- 400 g free-range mini skinless chicken breast strips
- 2 t cornflour
- 1 free-range egg white
- Salt, a pinch
- Canola oil, for frying
- 4 baby gem lettuce hearts, rinsed, dried and halved lengthways
- 4 cobs sweetcorn
- 1 garlic clove, finely chopped
- 1 small red chilli, finely chopped
- 6 salad onions, finely chopped
- 3⁄4 cup chicken stock
- 1⁄3 cup cream
- 1⁄2 t chilli paste
- Smoked Maldon salt, to taste
- Fresh coriander, chopped, for serving
- Cooked basmati rice (white or brown), for serving
- Extra hot sauce, for serving (optional)
Halve the chicken strips.
Mix the corn flour, egg white and salt in a bowl until smooth. Stir in the chicken and combine well. Allow to stand for 10 minutes.
Heat a wok or suitable pan over a high heat. Pour in 2–3 T canola oil to coat the pan. Add the lettuce halves and stir-fry for 1–2 minutes, until they’re starting to catch and wilt. Remove and set aside.

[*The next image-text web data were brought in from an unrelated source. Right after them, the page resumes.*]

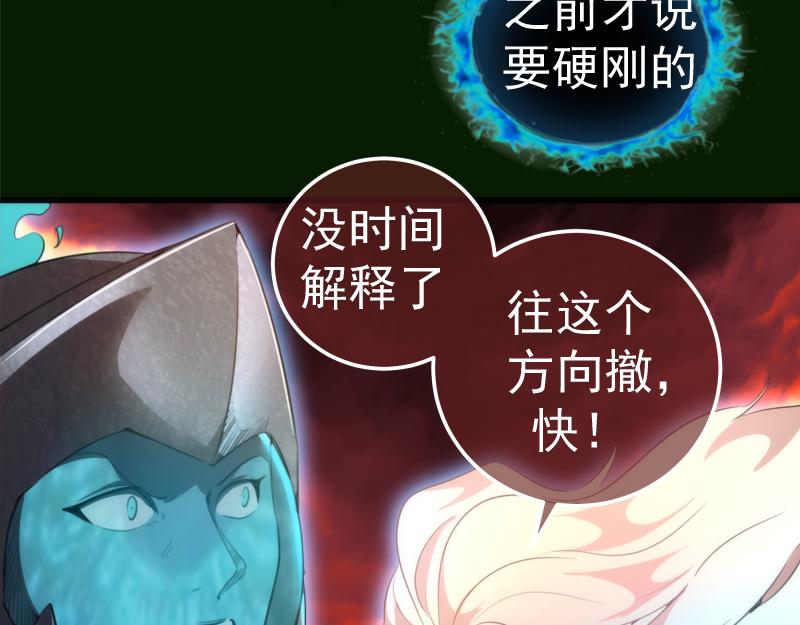 212 蒋乘风登场32
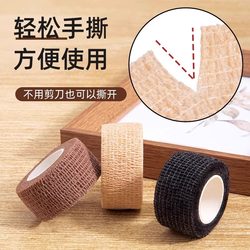 Table legs, sofa legs, non-slip, wear-resistant, silent, universal
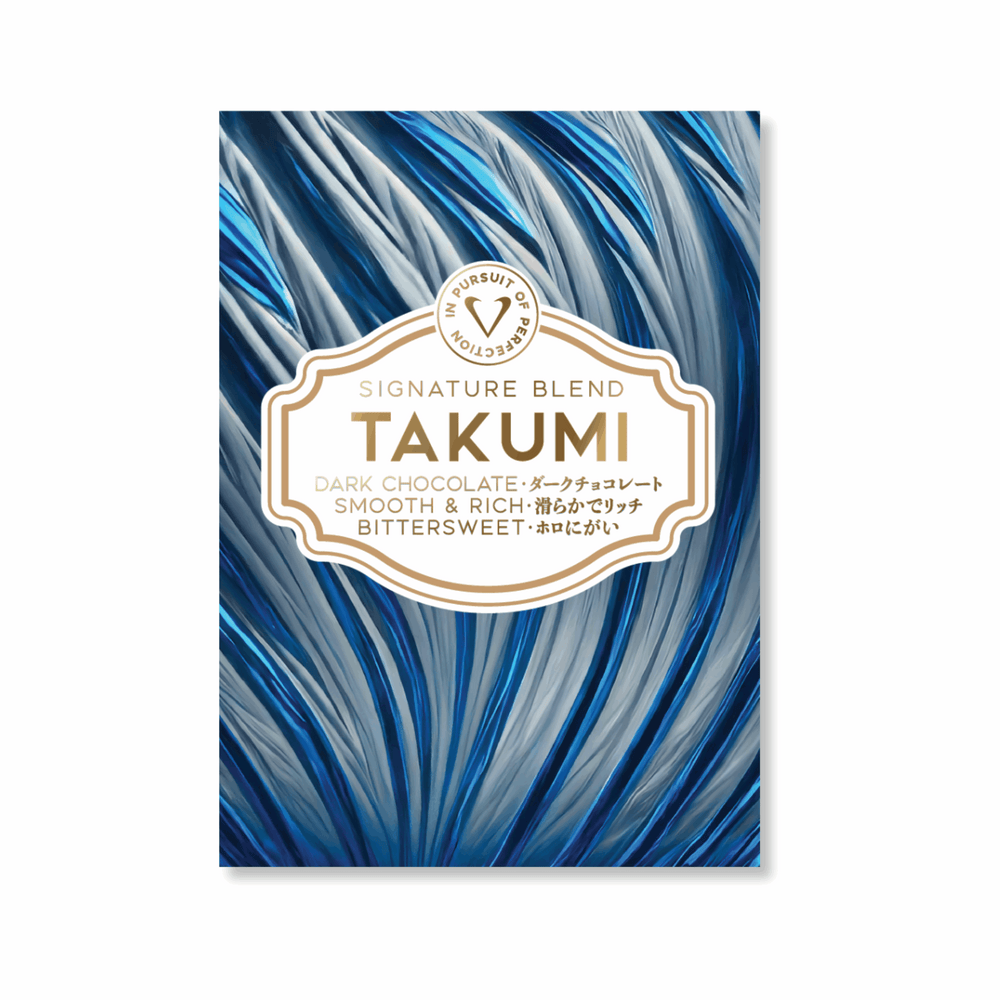 TAKUMI Signature Blend - Dark Chocolate, Smooth & Rich [Med-Dark Roast]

Add a little more oil. Using tongs, remove the chicken from the corn flour mixture and stir-fry in the hot oil for 1–2 minutes Remove from the pan and set aside.
Cut the corn off the cobs. Add another spoonful of oil to the pan. Stir-fry the corn with the garlic, chilli and onions for 1–2 minutes.
Return the chicken to the pan. Add the stock, cream and chilli paste, and season with the smoked salt. Bring to a boil and simmer for a few minutes until the chicken is cooked through. If necessary, add a little more stock or cream.
Return the lettuce to the pan and check the seasoning. Top with lots of chopped coriander and serve with the rice.